* ACTION ITEM *
Go to the line with "Historical engraving showing" in the entries below and write out every line from there through the line with "Discover knowledge and", exactly and without pictures.

(MATERIAL PROVIDED Opens)

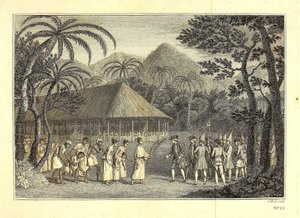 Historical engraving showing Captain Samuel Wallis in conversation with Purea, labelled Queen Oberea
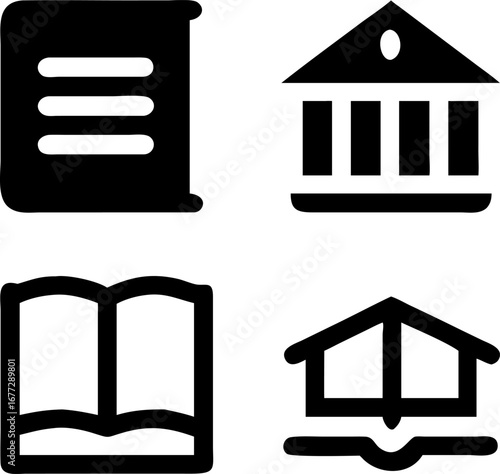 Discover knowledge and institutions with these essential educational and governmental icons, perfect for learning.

(MATERIAL PROVIDED Closes)
(MATERIAL PROVIDED Opens)

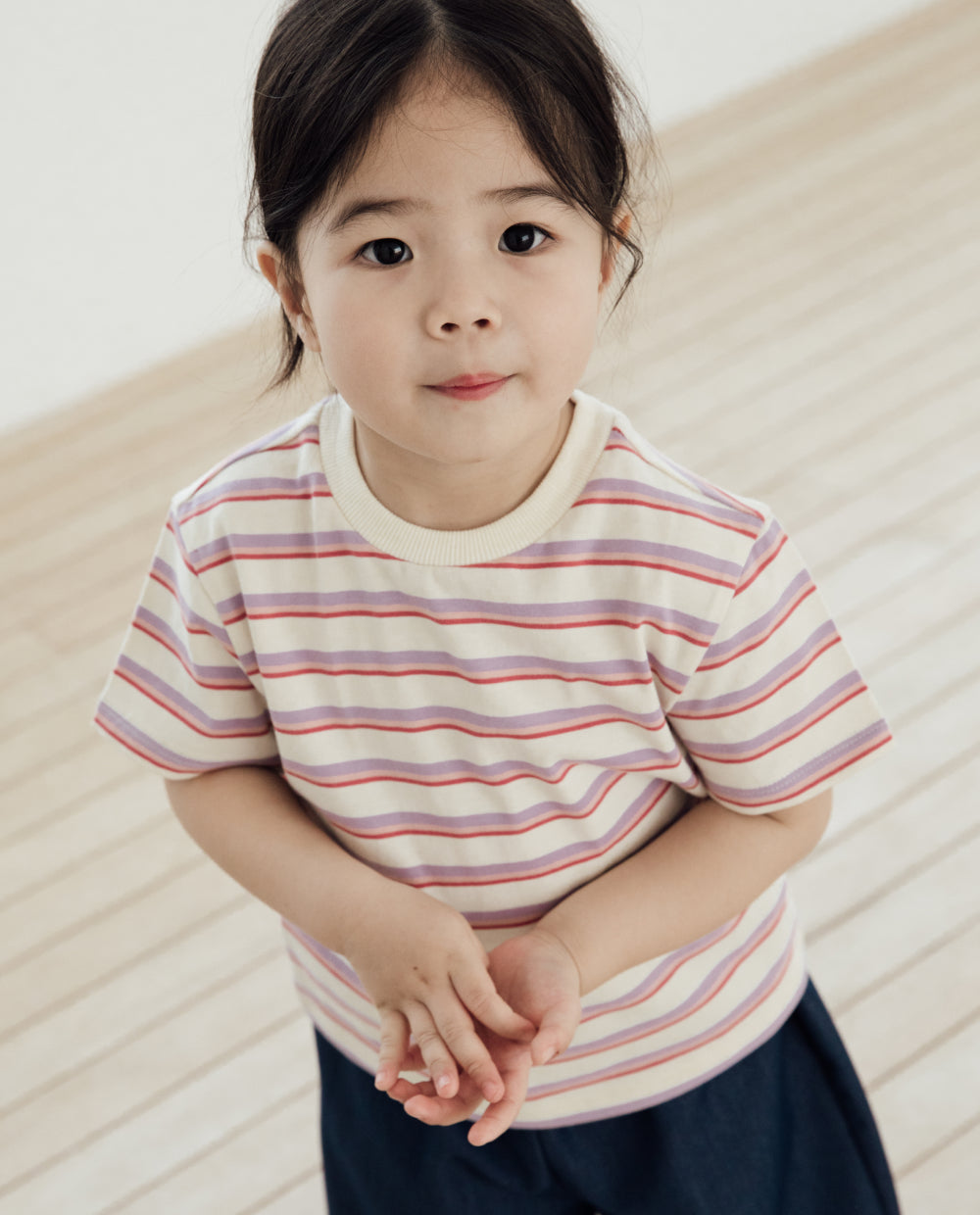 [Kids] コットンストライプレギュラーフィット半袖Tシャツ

(MATERIAL PROVIDED Closes)

* ANSWER BOX *
 Historical engraving showing Captain Samuel Wallis in conversation with Purea, labelled Queen Oberea
 Discover knowledge and institutions with these essential educational and governmental icons, perfect for learning.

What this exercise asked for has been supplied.